> TASK
Within the lines below, the span from the line with "Nutcracker Family of" to the line with "Contemporary technology cover", both ends included, is to be reproduced exactly, with pictures omitted.

★ ★ ★ ★ ★ ★ ★

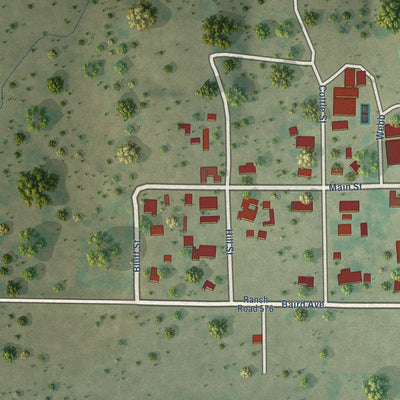 Second close-up of the map of Moran, Texas print showing more streets and buildings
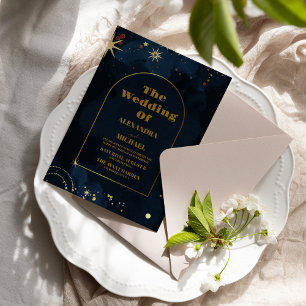 Starry Night Navy Blue Silver Glitter Wedding Invitation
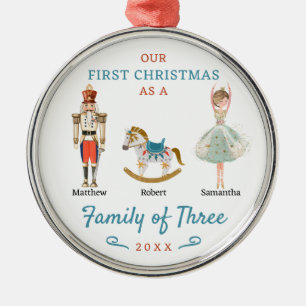 Nutcracker Family of Three First Christmas Metal Tree Decoration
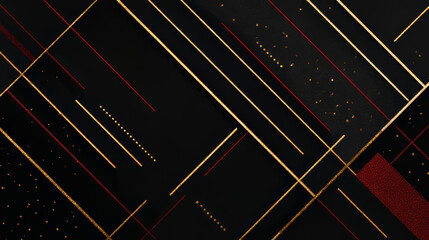 Contemporary technology cover design set. Luxury black background with white, red, gold line pattern (guilloche curves). Premium golden vector tech backdrop for business template, digital certificate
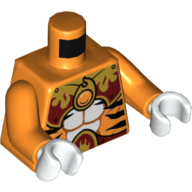 Torso Black Tiger Stripes, Dark Red and Gold Armor and Fire Chi Emblem Print, Orange Arms, White Hands Orange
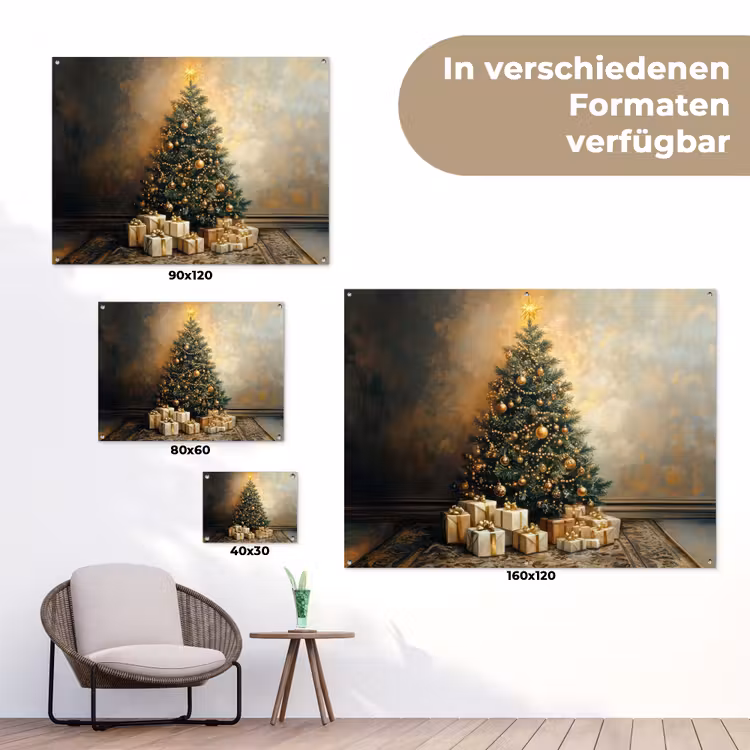 Kerstboom - Cadeaus - Goud tuinposter los doek klein -Xsfeer9_DE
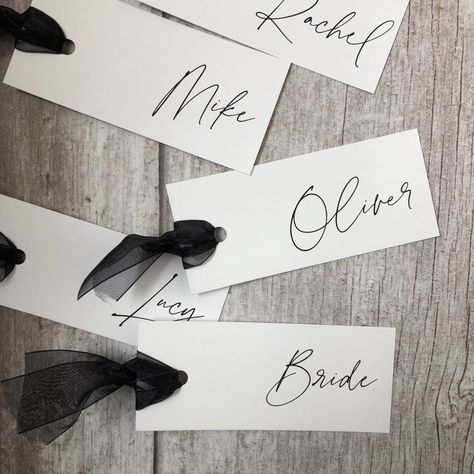 Ribbon Place Cards, Black And White Elegant Wedding, Bohemian Invitation, Wedding Name Cards, Card Table Wedding, Name Place Cards, Gold Foil Wedding, Garden Wedding Inspiration, Wedding Table Plan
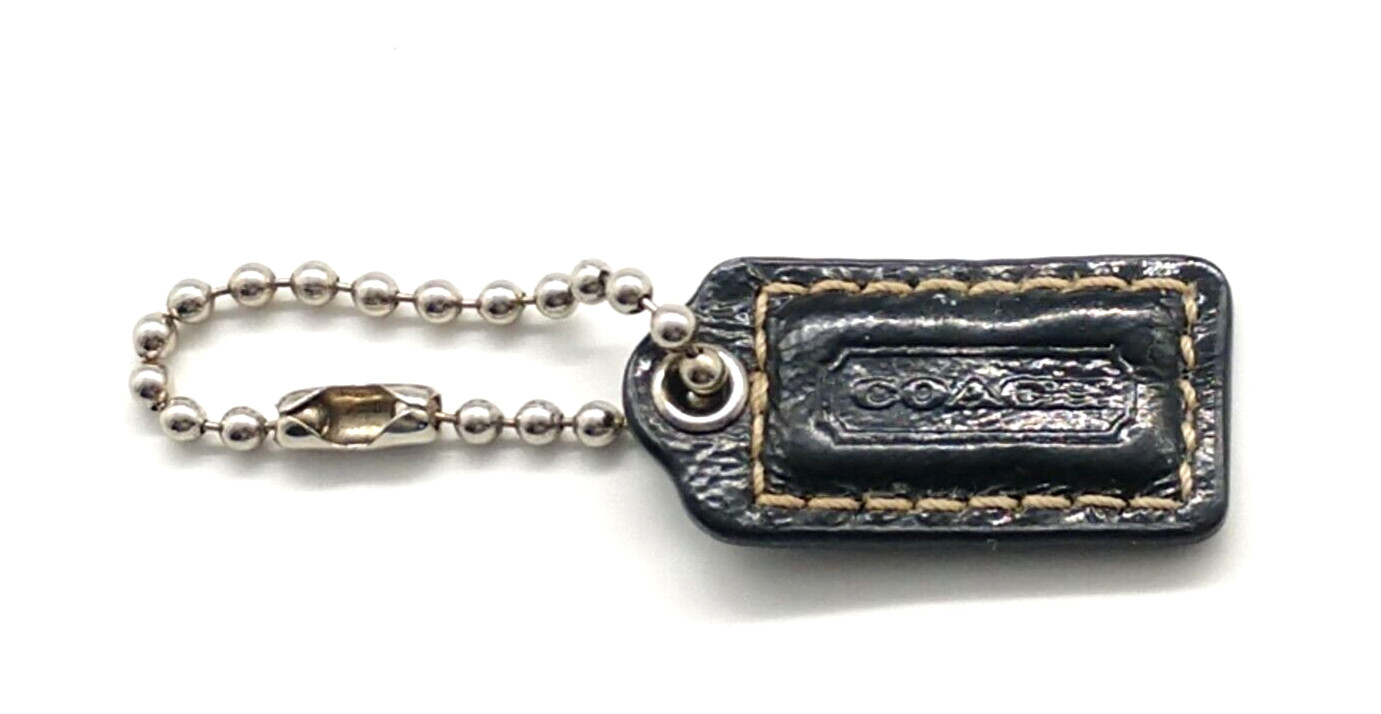 Vintage Black Leather Coach Keyring Keychain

★ ★ ★ ★ ★ ★ ★

> ANSWER SPACE
 Nutcracker Family of Three First Christmas Metal Tree Decoration
 Contemporary technology cover design set. Luxury black background with white, red, gold line pattern (guilloche curves). Premium golden vector tech backdrop for business template, digital certificate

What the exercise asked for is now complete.